**Exercise**
Omit the pictures and return exactly the stretch of the material below from the line with "AEO Chambray Striped" through the line with "Uñas de color azul hielo puro".

**Exercise materials**
==============================

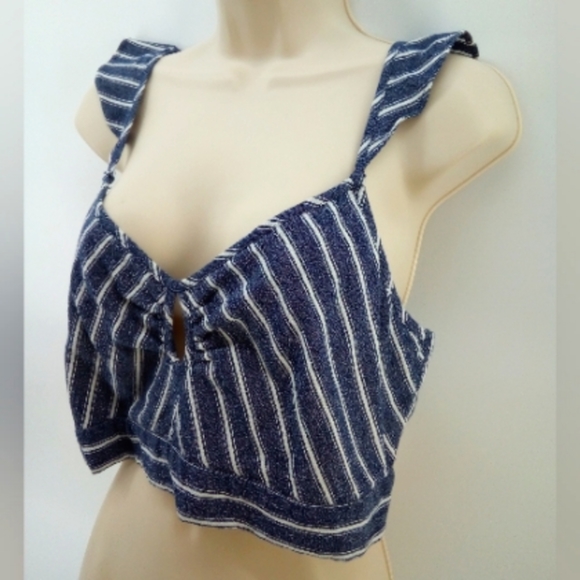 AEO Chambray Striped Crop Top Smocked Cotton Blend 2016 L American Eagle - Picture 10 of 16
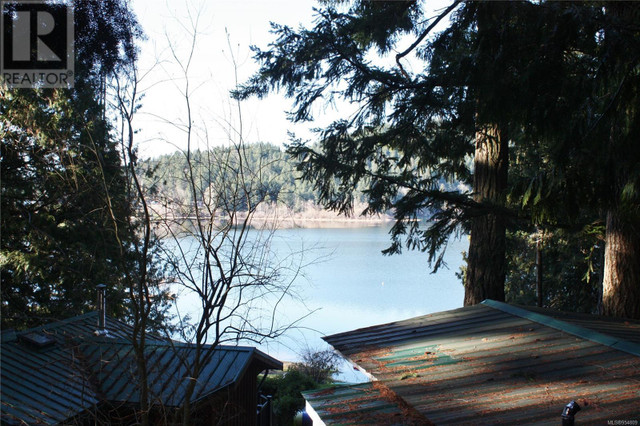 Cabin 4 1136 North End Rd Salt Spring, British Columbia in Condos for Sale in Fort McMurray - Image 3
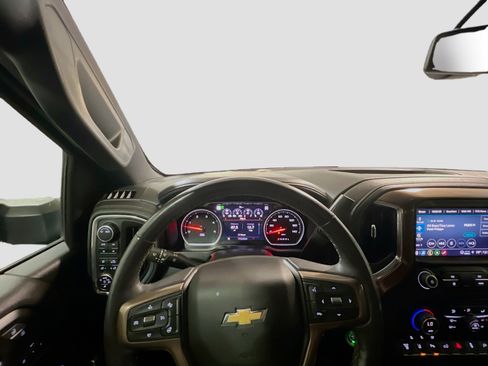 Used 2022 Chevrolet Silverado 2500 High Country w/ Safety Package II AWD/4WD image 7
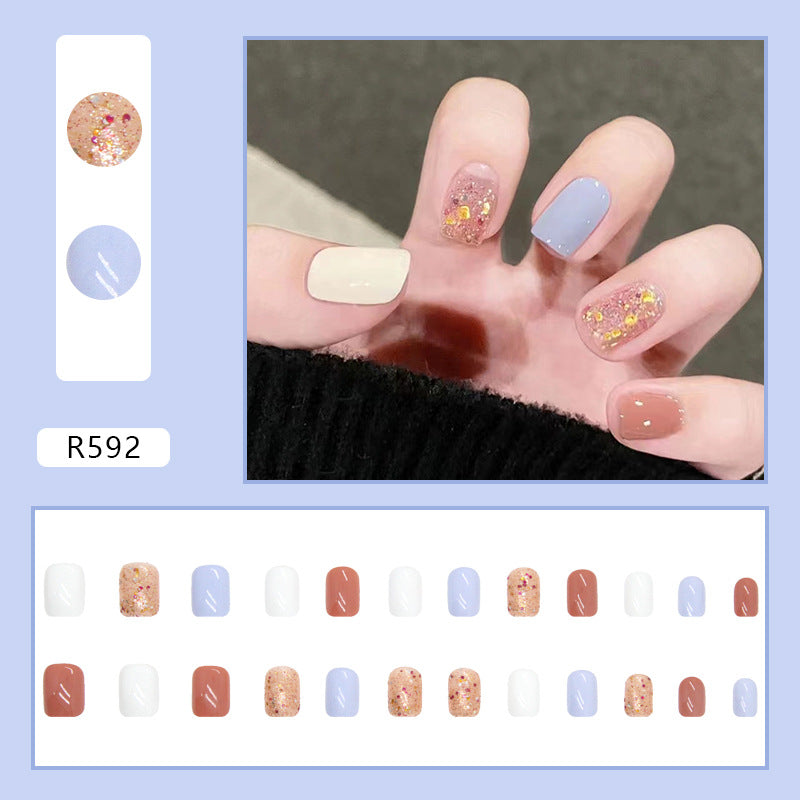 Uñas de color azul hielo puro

==============================

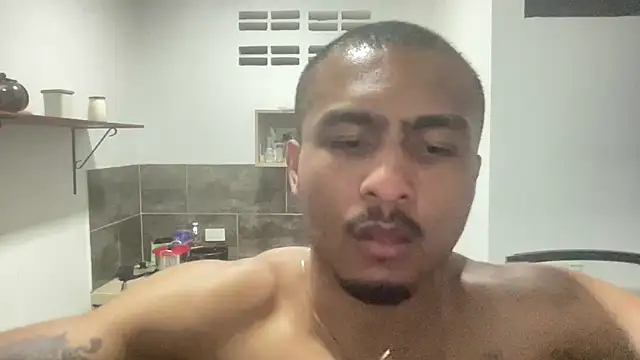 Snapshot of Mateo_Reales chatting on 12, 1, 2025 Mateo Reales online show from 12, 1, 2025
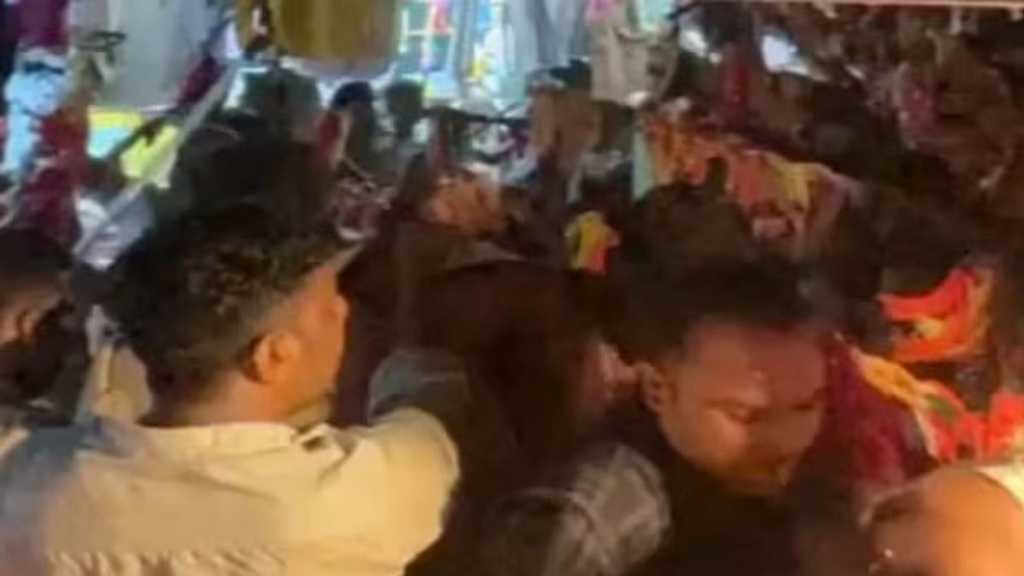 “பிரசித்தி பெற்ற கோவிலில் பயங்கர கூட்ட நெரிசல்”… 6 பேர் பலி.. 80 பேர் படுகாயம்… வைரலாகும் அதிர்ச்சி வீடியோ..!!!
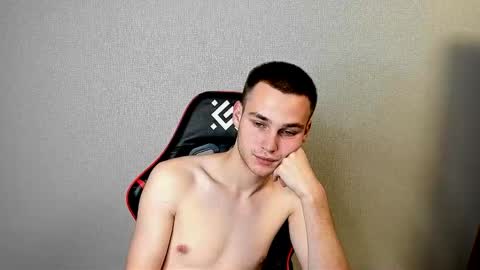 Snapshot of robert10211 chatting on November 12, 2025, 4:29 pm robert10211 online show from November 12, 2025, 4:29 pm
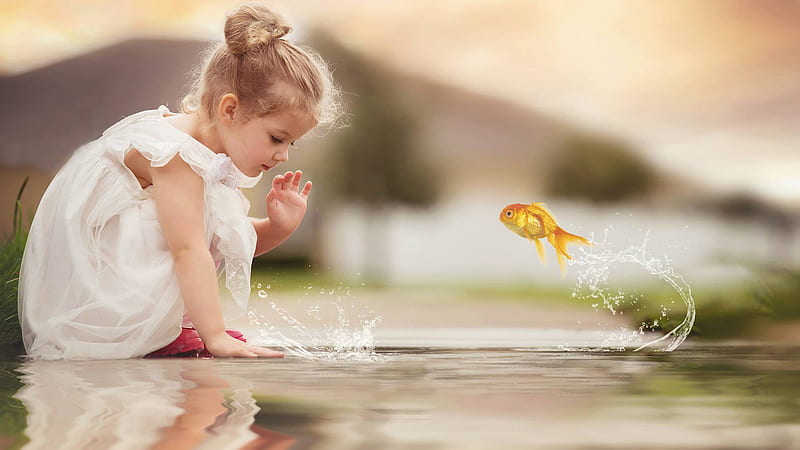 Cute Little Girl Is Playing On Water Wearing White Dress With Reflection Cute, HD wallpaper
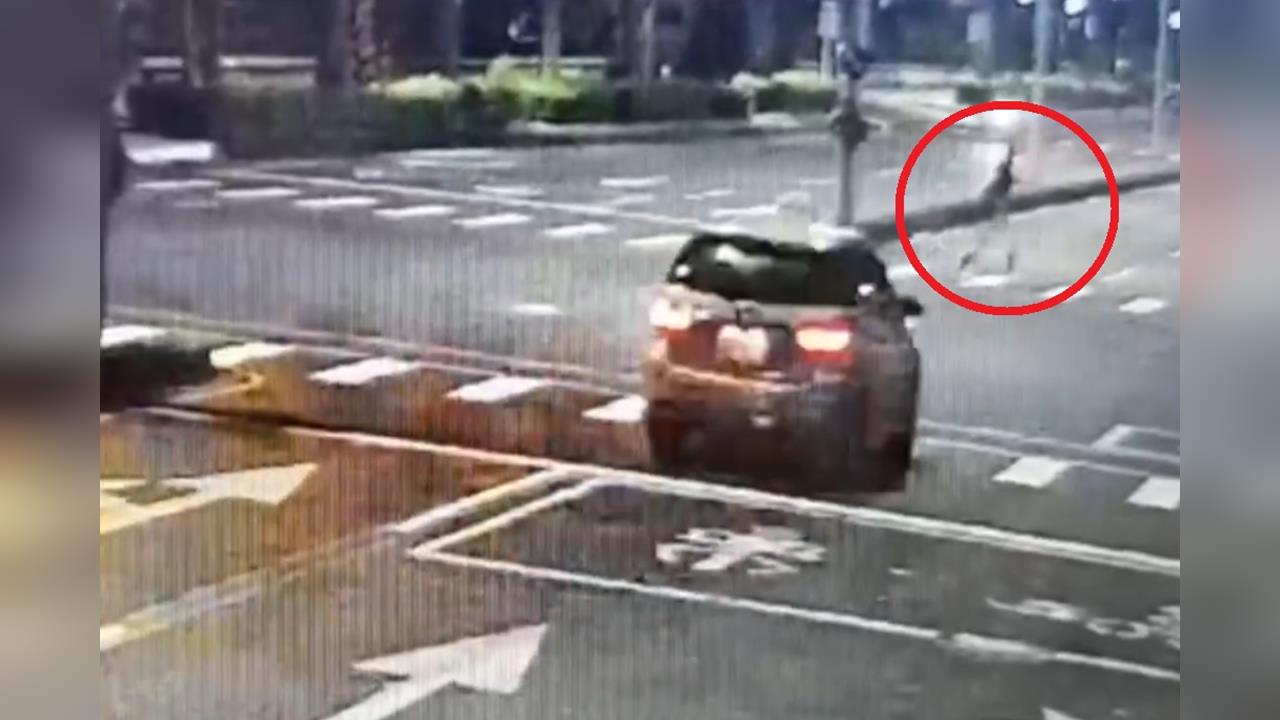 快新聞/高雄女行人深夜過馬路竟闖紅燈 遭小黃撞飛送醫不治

==============================

**Exercise solution**
 AEO Chambray Striped Crop Top Smocked Cotton Blend 2016 L American Eagle - Picture 10 of 16
 Cabin 4 1136 North End Rd Salt Spring, British Columbia in Condos for Sale in Fort McMurray - Image 3
 Used 2022 Chevrolet Silverado 2500 High Country w/ Safety Package II AWD/4WD image 7
 Uñas de color azul hielo puro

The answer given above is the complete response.